Restate the listing word for word; omit the images.

* [Dataset content]:
........

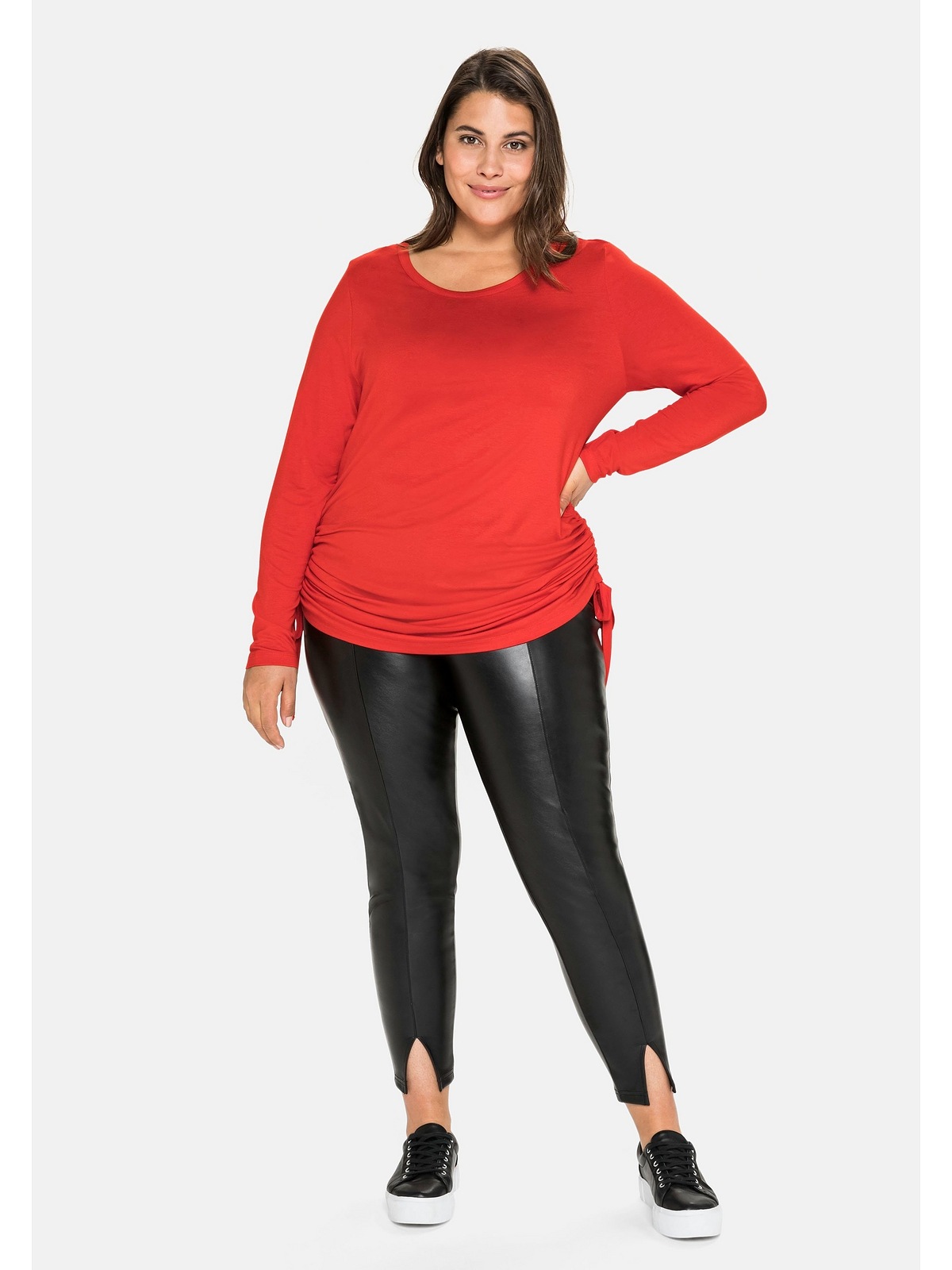 Sheego Longshirt »Große Größen«, mit Raffungen am Saum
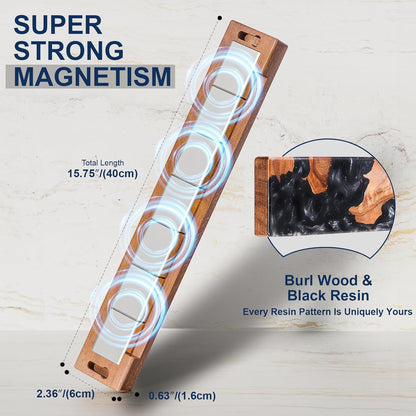 16 Inch Magnetic Knife Holder for Wall, Acacia Wood & Blue Resin Magnetic Knife Strip, Powerful No-Drill Adhesive or Screws Mount, Kitchen Knife Bar Storage Rack ("Ocean" Blue Resin)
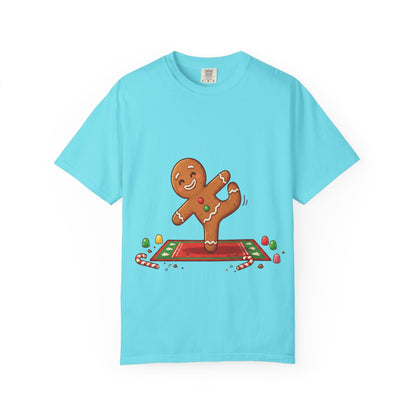 Gingerbread Jive: Festive Cookie Character, Whimsical Holiday Illustration T-shirt – Custom T-Shirt by PixelCraft360, unique decoration for events and special gifts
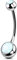 OUFER 14G Bauchnabelpiercing Ring Titan 16 mm Piercing Bauchnabel Lang Kurz Weißer Opal Edelstein Kugeln Belly Button Piercing Navel Bars Silber 1.6 mm Nabelring Frau Schmuck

........

* [Task output]:
 Sheego Longshirt »Große Größen«, mit Raffungen am Saum
 16 Inch Magnetic Knife Holder for Wall, Acacia Wood & Blue Resin Magnetic Knife Strip, Powerful No-Drill Adhesive or Screws Mount, Kitchen Knife Bar Storage Rack ("Ocean" Blue Resin)
 Gingerbread Jive: Festive Cookie Character, Whimsical Holiday Illustration T-shirt – Custom T-Shirt by PixelCraft360, unique decoration for events and special gifts
 OUFER 14G Bauchnabelpiercing Ring Titan 16 mm Piercing Bauchnabel Lang Kurz Weißer Opal Edelstein Kugeln Belly Button Piercing Navel Bars Silber 1.6 mm Nabelring Frau Schmuck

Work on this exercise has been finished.